The slope on transformed_run_ratio is the key number. The estimated exponent is the slope coefficient on transformed_run_ratio. It estimates how strongly the run ratio translates into winning percentage. A higher exponent would mean run differential has a stronger effect on expected winning percentage. A lower exponent means the model is a little softer and does not push teams as far toward the extremes. For this dataset, the regression gives a data-driven way to compare against the assumed exponents from the earlier questions.

Best Fit Exponent Regression

The positive relationship in the chart makes sense because as a team allows more runs relative to what it scores, its transformed wins value gets worse. The regression line turns that relationship into one estimated exponent.

Question 10: Reporting the Exponent and R-Squared

Estimated Exponent R-Squared
1.540 0.732

The estimated exponent is 1.540, and the R-squared is 0.732. The estimated exponent is lower than both 2 and 1.87, which means this particular dataset prefers a softer exponent than either of the two formulas tested earlier.

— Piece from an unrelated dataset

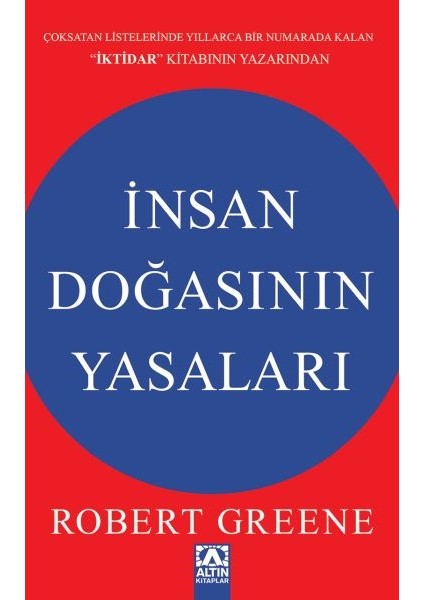 İnsan Doğasının Yasaları Robert Greene Ciltsiz Karton Kapak Normal Boy 696 Sayfa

The R-squared means the transformed run ratio explains about 73.2% of the variation in transformed winning percentage. That is a fairly strong result for a relatively simple model. Runs scored and runs allowed explain a lot of team performance, which is why the Pythagorean expectation works as well as it does. At the same time, it still leaves room for the parts of baseball that do not fit perfectly into one basic formula.